[Opening Extracted entries section]
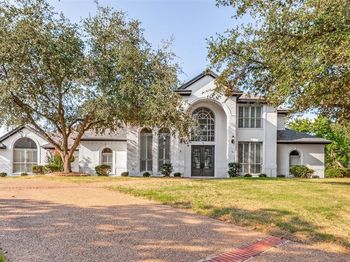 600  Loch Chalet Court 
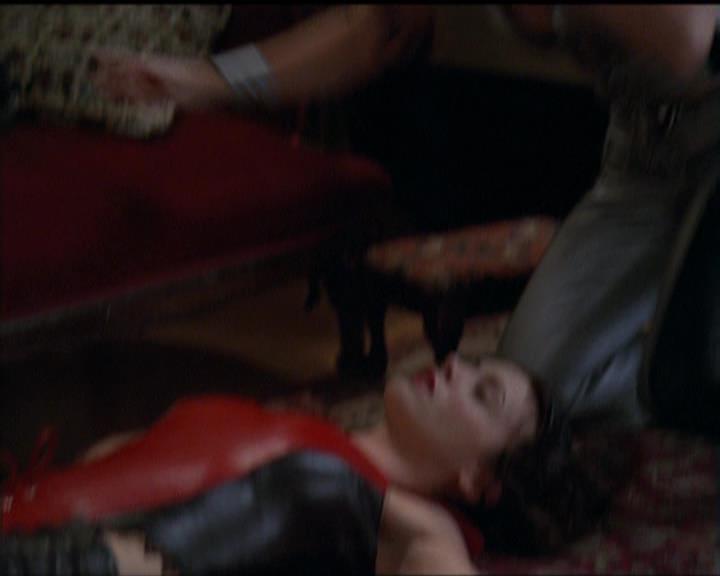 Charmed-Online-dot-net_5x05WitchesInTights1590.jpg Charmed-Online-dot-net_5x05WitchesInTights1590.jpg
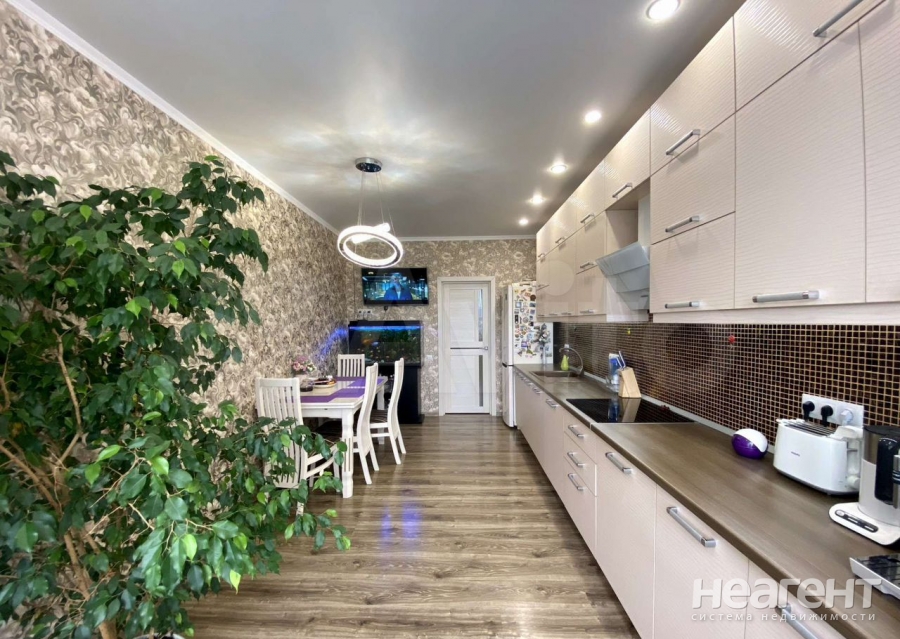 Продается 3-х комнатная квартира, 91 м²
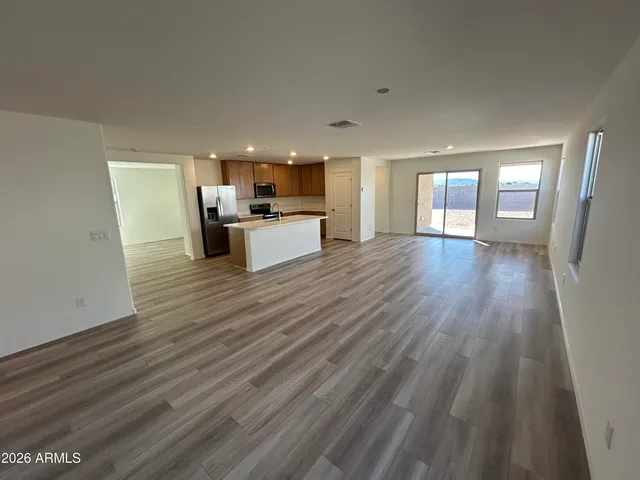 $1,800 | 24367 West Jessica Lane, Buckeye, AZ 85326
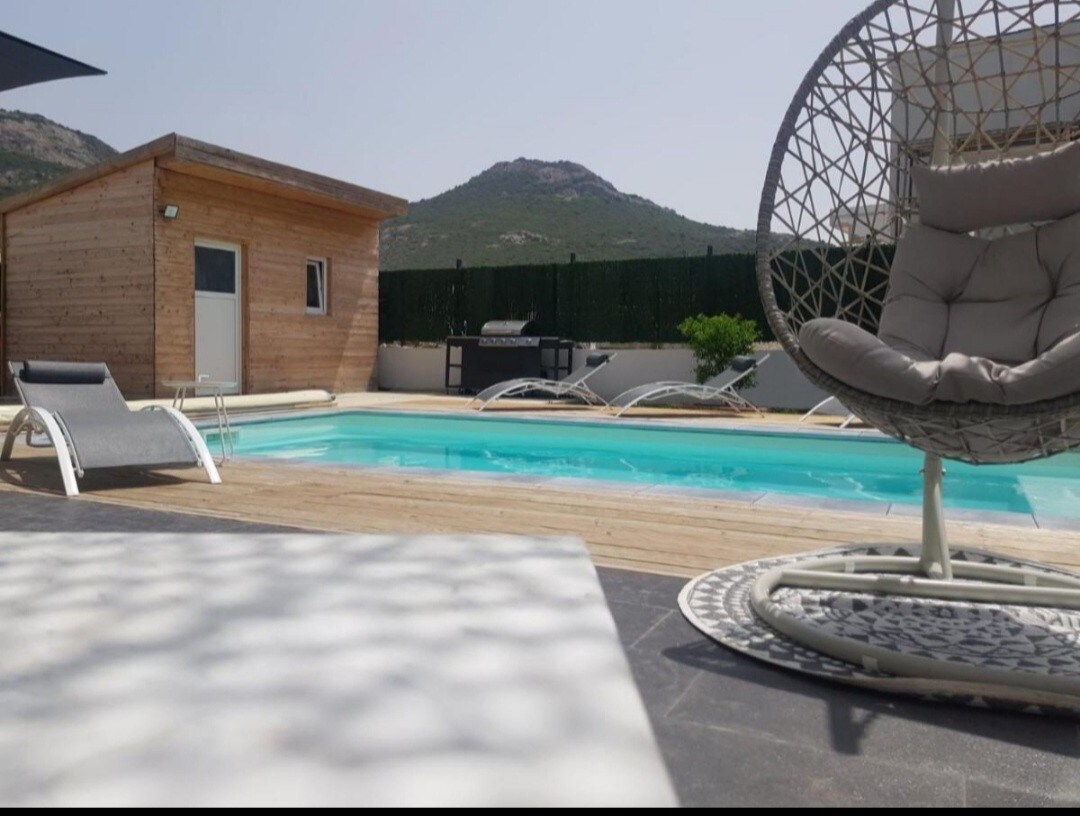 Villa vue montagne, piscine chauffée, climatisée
[Closing Extracted entries section]
[Opening Extracted entries section]
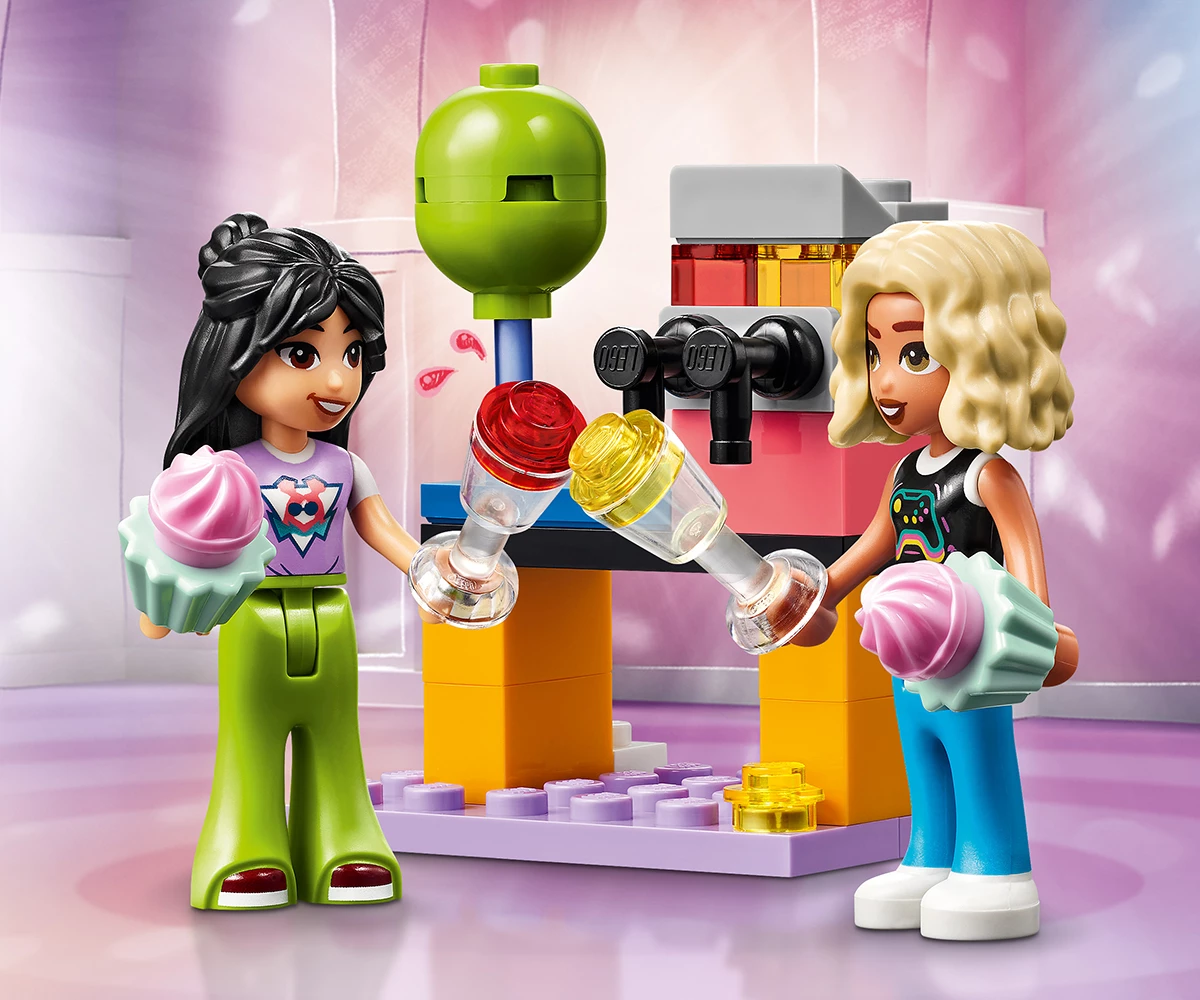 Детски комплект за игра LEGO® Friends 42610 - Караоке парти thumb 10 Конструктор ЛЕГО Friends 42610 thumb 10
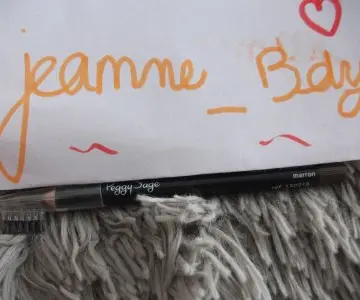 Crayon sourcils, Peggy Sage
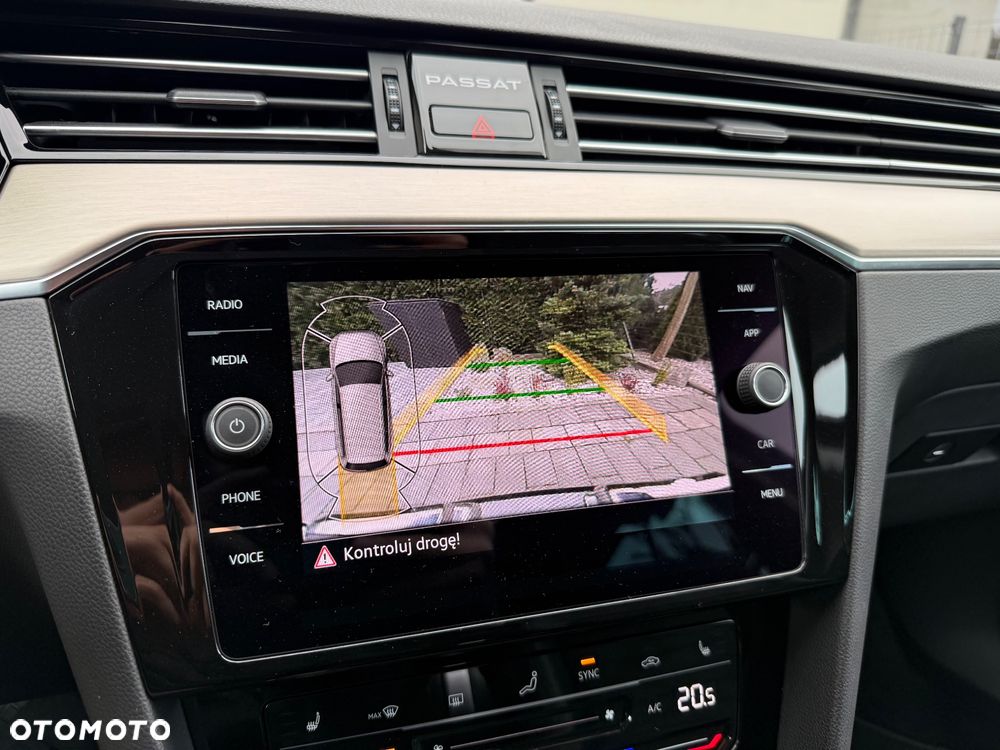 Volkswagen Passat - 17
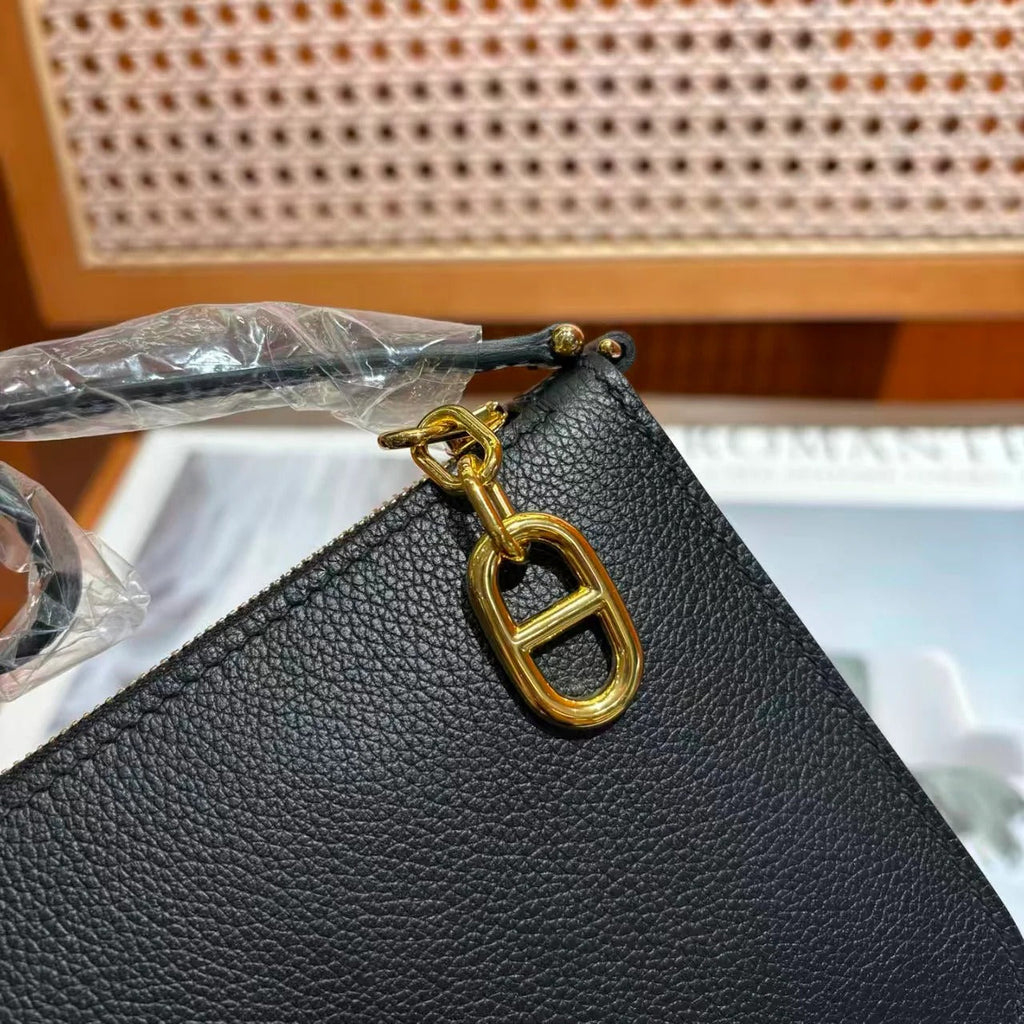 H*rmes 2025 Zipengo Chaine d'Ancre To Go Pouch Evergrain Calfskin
[Closing Extracted entries section]
Looking at the listing above, which lines run from the one containing "Volkswagen Passat - 17" through the one containing "H*rmes 2025 Zipengo"? Print exactly those, ends included, pictures excluded.

Answer to this exercise:
 Volkswagen Passat - 17
 H*rmes 2025 Zipengo Chaine d'Ancre To Go Pouch Evergrain Calfskin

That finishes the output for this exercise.